§ **RECORDS SHOWN**

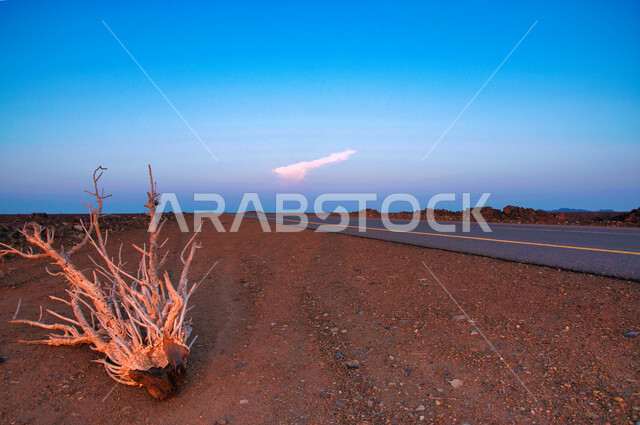 طريق اسفلتي وسط الصحراء، الحجارة والصخور، خط سير سريع، مناظر طبيعية خلابة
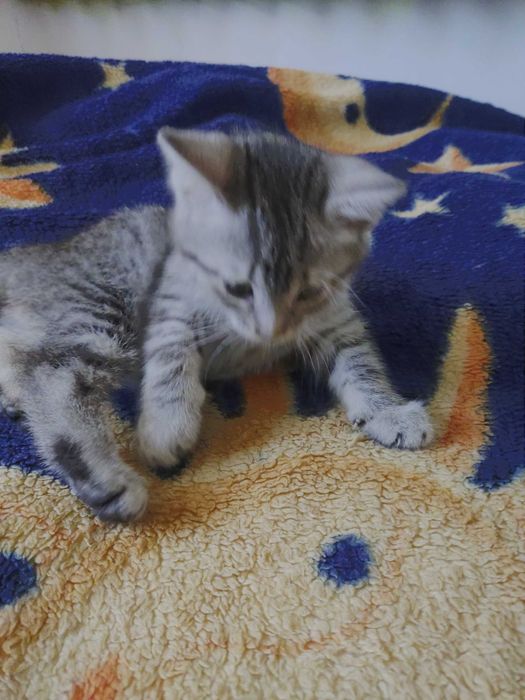 Kotki szukają domu.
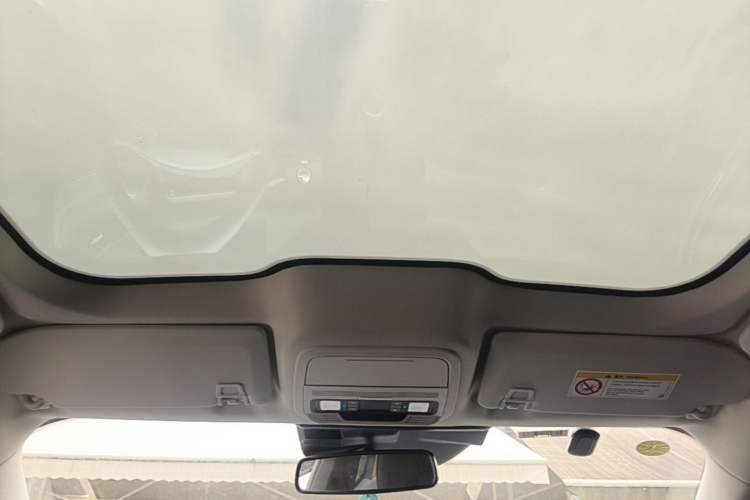 Used Ford Mustang Mach-E 2021 AION Y Plus Rear-Drive Luxury Edition (Long Range) Headliner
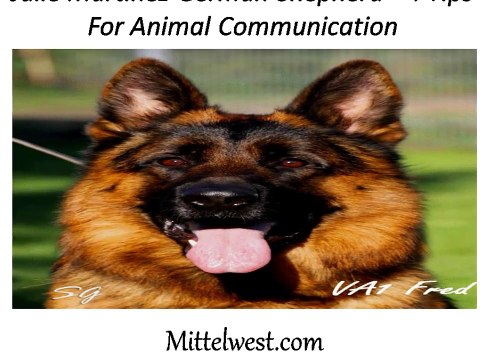 Julie Martinez German Shepherd - 4 Tips For Animal Communication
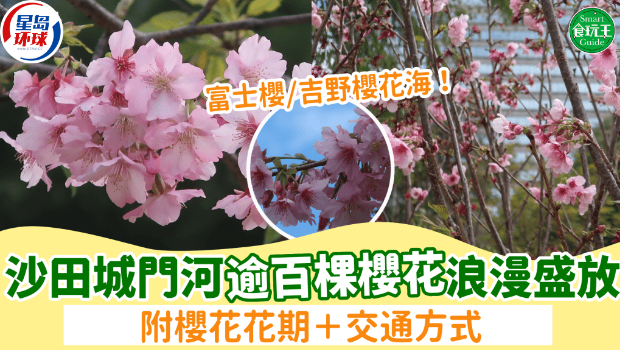 沙田樱花2025 沙田樱花2025
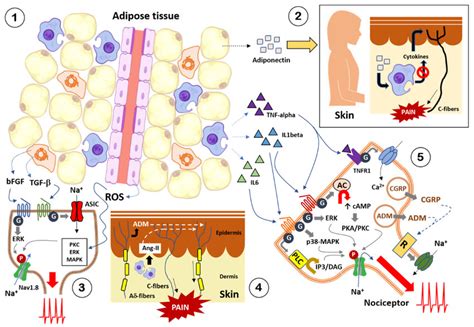 Adipose Tissue Diagram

§ **TASK REQUIREMENTS**
Every line from the one holding "Used Ford Mustang" through the last line of the entries above, and nothing else, is to be restated word for word. Pictures stay out.

§ **RESULT OF THE EXERCISE**
 Used Ford Mustang Mach-E 2021 AION Y Plus Rear-Drive Luxury Edition (Long Range) Headliner
 Julie Martinez German Shepherd - 4 Tips For Animal Communication
 沙田樱花2025 沙田樱花2025
 Adipose Tissue Diagram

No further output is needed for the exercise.